**YOUR GOAL:** The whole listing, apart from its images, should be restated word for word.

====

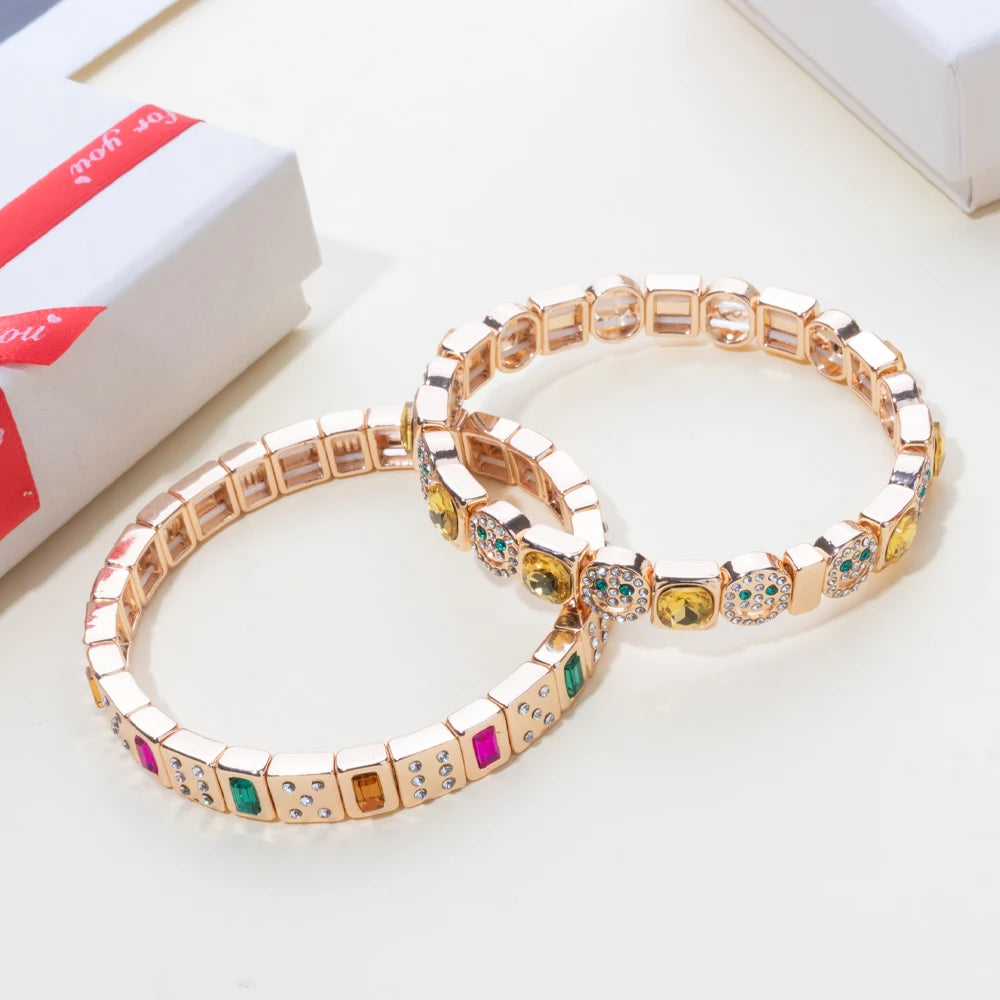BEUTIFOR Happy Face Women’s Tile Bracelet – Gold Color Dice Beads & Crystal Bangle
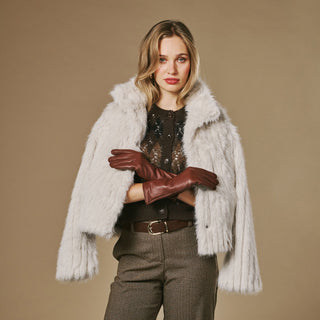 Skylar (brown) – Extra-long sheepskin leather gloves with wool/cashmere lining & touchscreen capability - Glamourous Grace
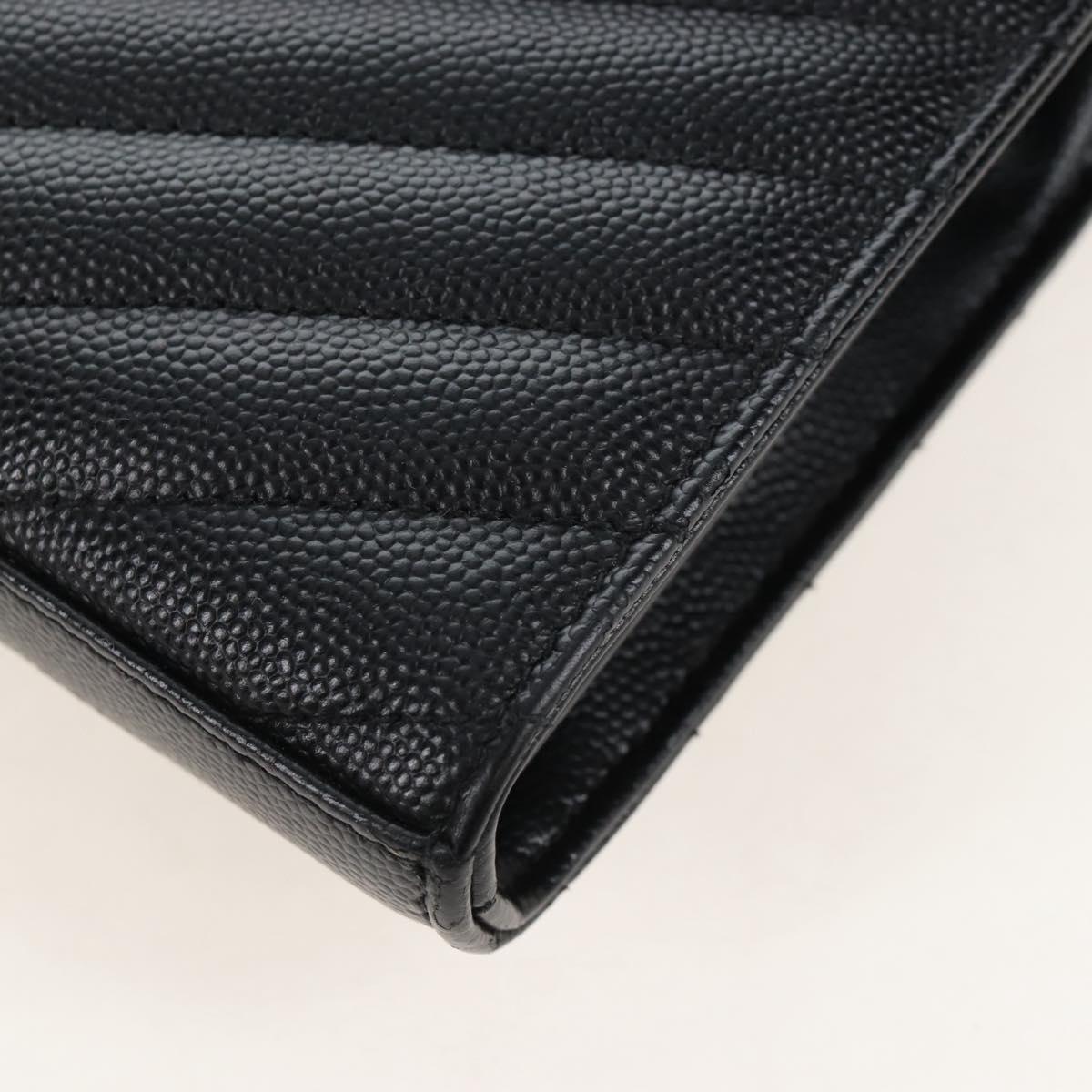 Saint Laurent Cassandra Chain Wallet Leather Black Silver Auth 214004M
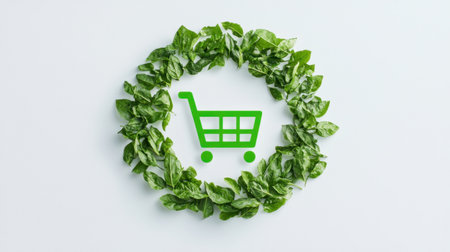 A vibrant green shopping cart icon enclosed by fresh leaves creates an eco-friendly symbol. The minimalist design highlights sustainability in commerce.の素材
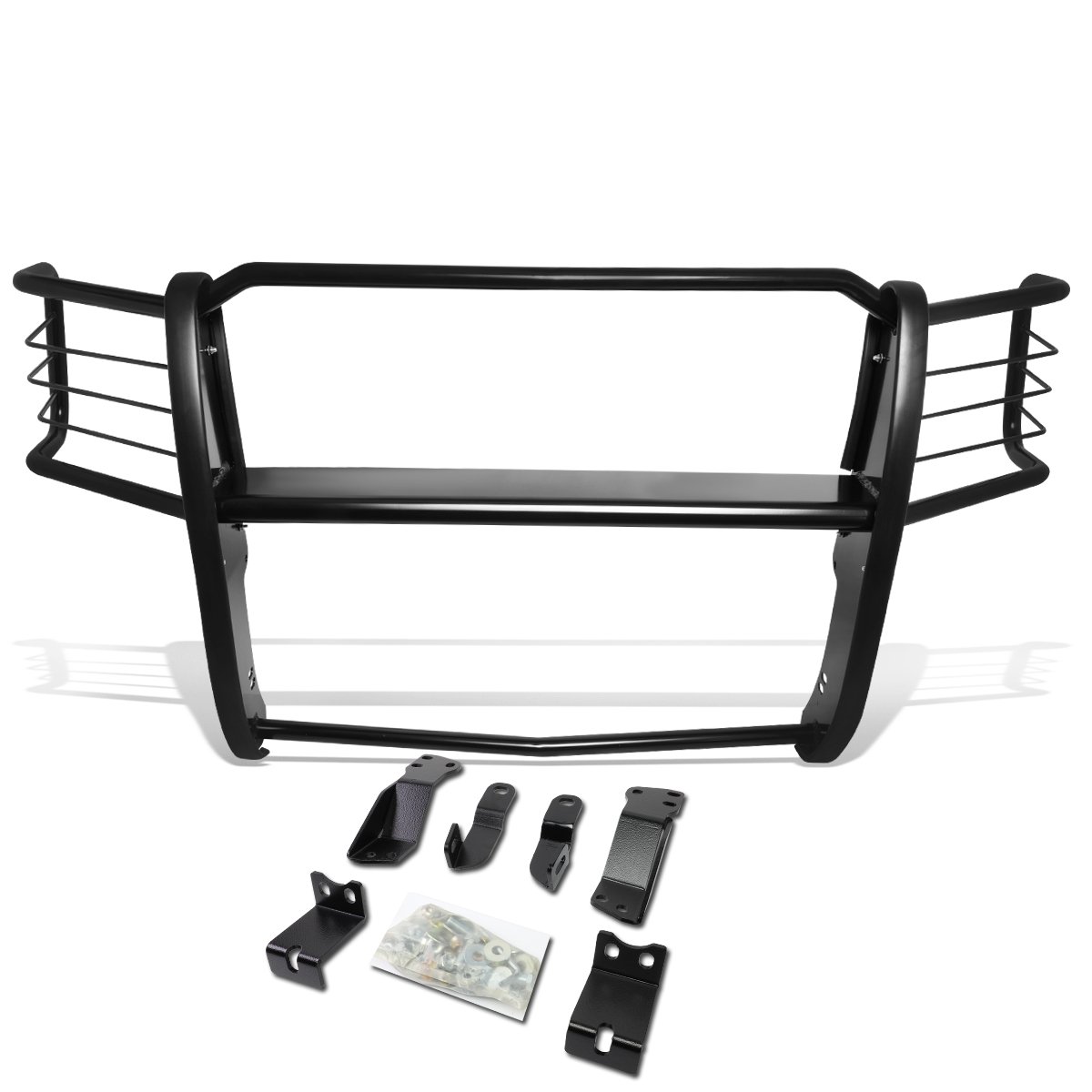 DNA Motoring GRILL-G-073-BK Black Front Headlight & Grille Brush Guard Compatible with 2014-2018 Chevy Silverado 1500 | Off-Road Protection & Truck Accessories for Enhanced Vehicle Safety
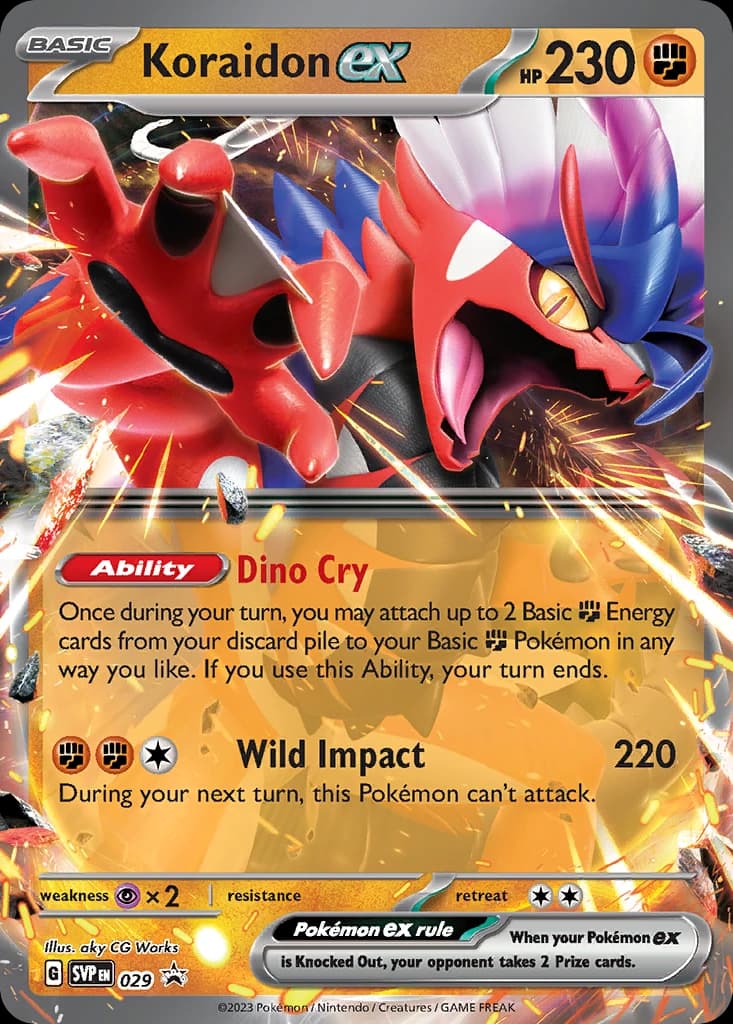 Koraidon ex, Scarlet & Violet Black Star Promos 029, English holo card front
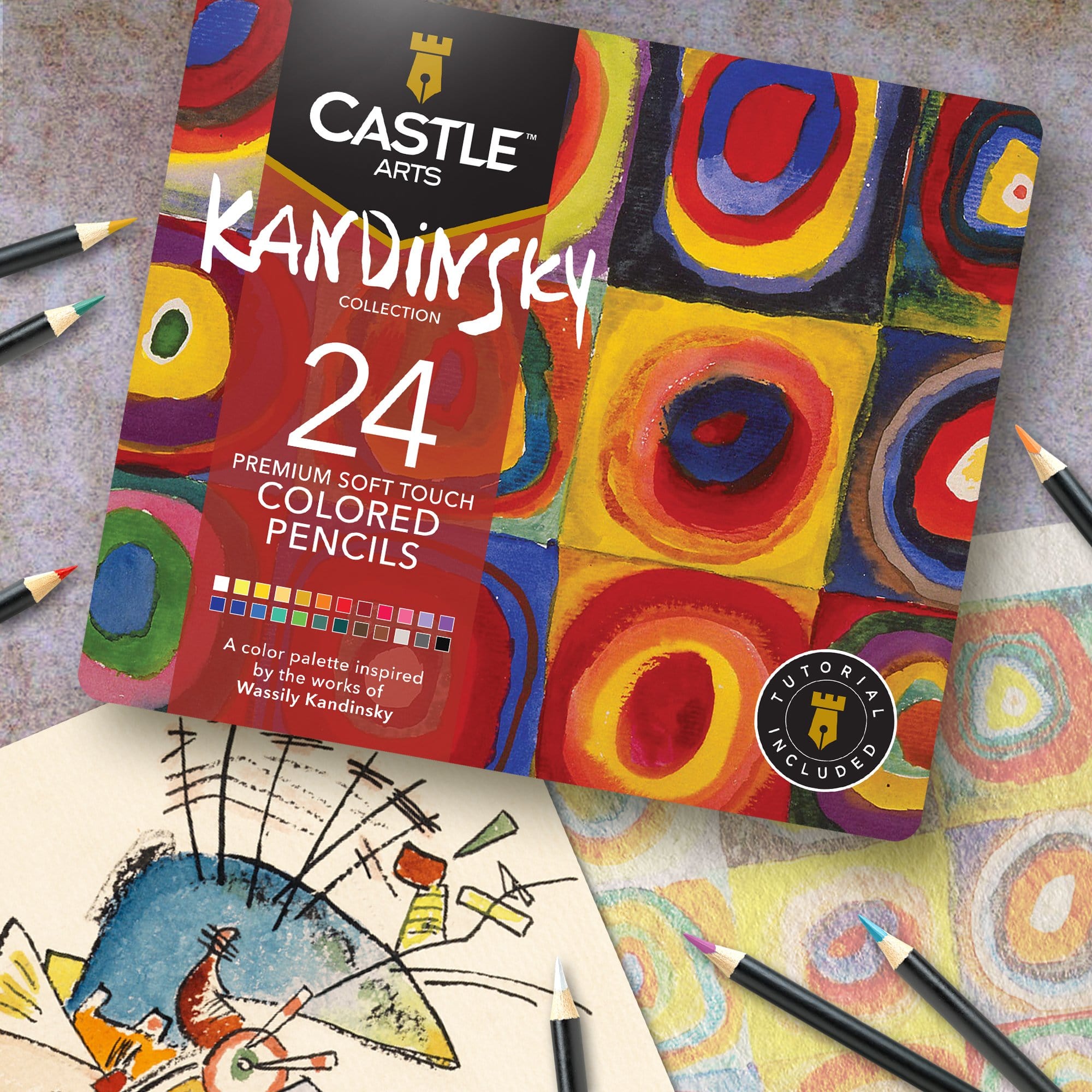 24 Piece Kandinsky Colored Pencil Set in Display Tin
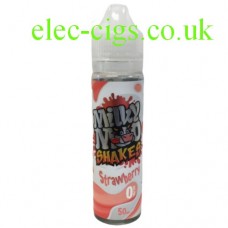 Image shows a bottle of Strawberry Shake 50 ML E-Liquid by Milky Moo Shakes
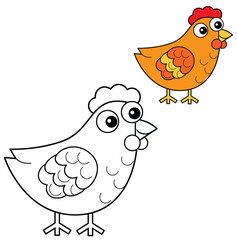 Cartoon happy farm animal cheerful hen chicken bird running isolated background with sketch drawing with colorful preview illustration for children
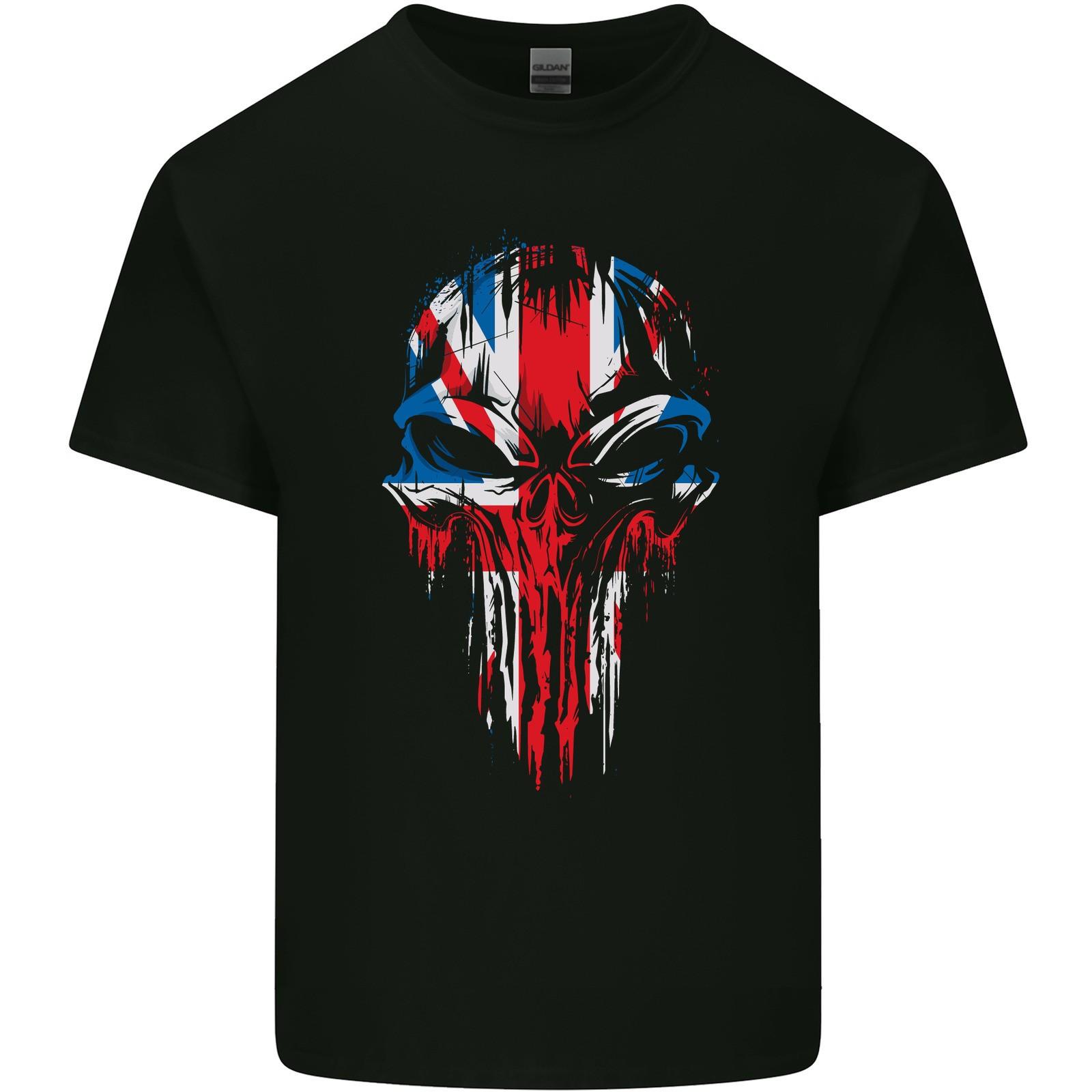 Union Jack Flag Skull Gym MMA Biker Britain Mens Light Cotton T-Shirt S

====

**FINISHED EXERCISE:**
BEUTIFOR Happy Face Women’s Tile Bracelet – Gold Color Dice Beads & Crystal Bangle
 Skylar (brown) – Extra-long sheepskin leather gloves with wool/cashmere lining & touchscreen capability - Glamourous Grace
 Saint Laurent Cassandra Chain Wallet Leather Black Silver Auth 214004M
 A vibrant green shopping cart icon enclosed by fresh leaves creates an eco-friendly symbol. The minimalist design highlights sustainability in commerce.の素材
 DNA Motoring GRILL-G-073-BK Black Front Headlight & Grille Brush Guard Compatible with 2014-2018 Chevy Silverado 1500 | Off-Road Protection & Truck Accessories for Enhanced Vehicle Safety
 Koraidon ex, Scarlet & Violet Black Star Promos 029, English holo card front
 24 Piece Kandinsky Colored Pencil Set in Display Tin
 Image shows a bottle of Strawberry Shake 50 ML E-Liquid by Milky Moo Shakes
 Cartoon happy farm animal cheerful hen chicken bird running isolated background with sketch drawing with colorful preview illustration for children
 Union Jack Flag Skull Gym MMA Biker Britain Mens Light Cotton T-Shirt S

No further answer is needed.